Gotten Good - Todd Roeth

For Better or Worse

Once in a while, when I am sitting still in my truck at a stop light, the car in the next lane begins to roll backwards. In my peripheral view, I sense forward motion and slam on my brake pedal, only to realize I wasn’t moving in the first place. It was instead the car beside me moving backwards. That feeling is always bewildering. It’s similar to composing a frame in a 50mm lens when I ought to have a 35; I walk slowly backwards with my eye in the viewfinder until the subject fits the frame, or I abandon the shot. Either way, when I open both eyes and look around, I am often baffled at where I have ended up. I’ve looked up to realize I am standing in fresh flower beds, mud puddles, oncoming traffic, I’ve backed up against barbed wire, thorn bushes, and countless other places I would never walk into if it were not for the purposes of looking through viewfinder of a camera to frame the desired shot according to my understanding of good composition.

I am nearing 20 years in the professional field of design and visual communication. I am now firmly categorized as a capital-C Creative and I operate in the similarly capitalized Creative Economy. And this also feels very similar to the above situations. At this round and even milestone, experience and exposure have been lately giving me an odd sensation. Instead of feeling a sense of progress – of forward momentum in my career, I get the sense I am walking backwards, or my work and it’s subject matter is getting smaller. When I look up with both eyes and look around, I am often baffled at where I am standing.

The knowledge, premises, processes, and ulitimatly the purposes for which I spend my time and devote my skills have evolved – sometimes slowly, sometimes in leaps and bounds in very short periods of time. But always in the same direction. And after two decades, I have backed up far enough that the subject matter of my career – at least this particular compostion, finally appears all in my frame. (Yet not yet all resolved.) I am starting to take my eye off the viewfinder, stand up straight, and take stock of where I stand.

I am not standing on particularly desireable ground. It often feels like a crowded and noisy mall parking lot. Full of traffic, pot holes and discarded plastic bags. I am not standing in a spot I would have walked towards in my own personal time. But then, this is a career, not personal time. It is work. And work takes us down paths we wouldn’t choose to walk on the weekends. Every day of my career I’ve traded warm romantic notions for cold hard experience. I’ve lost idealism in trade for increased margins. I’ve lost the fight for whitespace for the sake of shareholder value. I’ve lost the naïveté of a new designer and gained the ability to navigate near shore sprint planning sessions. By many a modern measure, I’ve been winning by loosing.

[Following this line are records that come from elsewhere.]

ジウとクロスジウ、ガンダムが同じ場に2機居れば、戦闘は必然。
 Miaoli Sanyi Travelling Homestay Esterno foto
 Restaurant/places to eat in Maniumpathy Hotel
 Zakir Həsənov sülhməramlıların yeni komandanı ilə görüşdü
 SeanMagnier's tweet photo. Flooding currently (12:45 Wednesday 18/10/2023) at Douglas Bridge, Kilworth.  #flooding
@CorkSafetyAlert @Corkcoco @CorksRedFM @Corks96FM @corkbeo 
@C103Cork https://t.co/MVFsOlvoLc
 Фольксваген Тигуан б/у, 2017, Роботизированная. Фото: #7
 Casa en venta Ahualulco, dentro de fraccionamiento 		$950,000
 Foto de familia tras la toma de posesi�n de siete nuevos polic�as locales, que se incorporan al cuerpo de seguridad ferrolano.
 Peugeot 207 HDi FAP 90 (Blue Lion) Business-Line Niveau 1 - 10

As I learn to evolve, elevate, or reduce creativity to a commodity and package, portion, promote and sell it, I look around the crowded mall parking lot I’ve come to stand in. I’ve learned to decipher the signs. I’ve figured out how to navigate the traffic. I now know that the top line needs to always be higher tomorrow, and the operating costs can never be low enough. And all the means (capital-C Creative securely included) are always in service to the same end; the answer is always more. More. Ideally, for less.

It took me quite a while, but now that is clear. No one ever had the heart to tell me, or maybe they knew it was something I needed to learn on my own. And now that I have, I can either bury my head back into the lens and keep staring through the tiny viewfinder, or stand up straight and keep both eyes open. For better or worse, each tactic looses and each wins something. For better – I hope, I am learning the rules of the game that I play.

Design has become the cover for unnecessary consumption.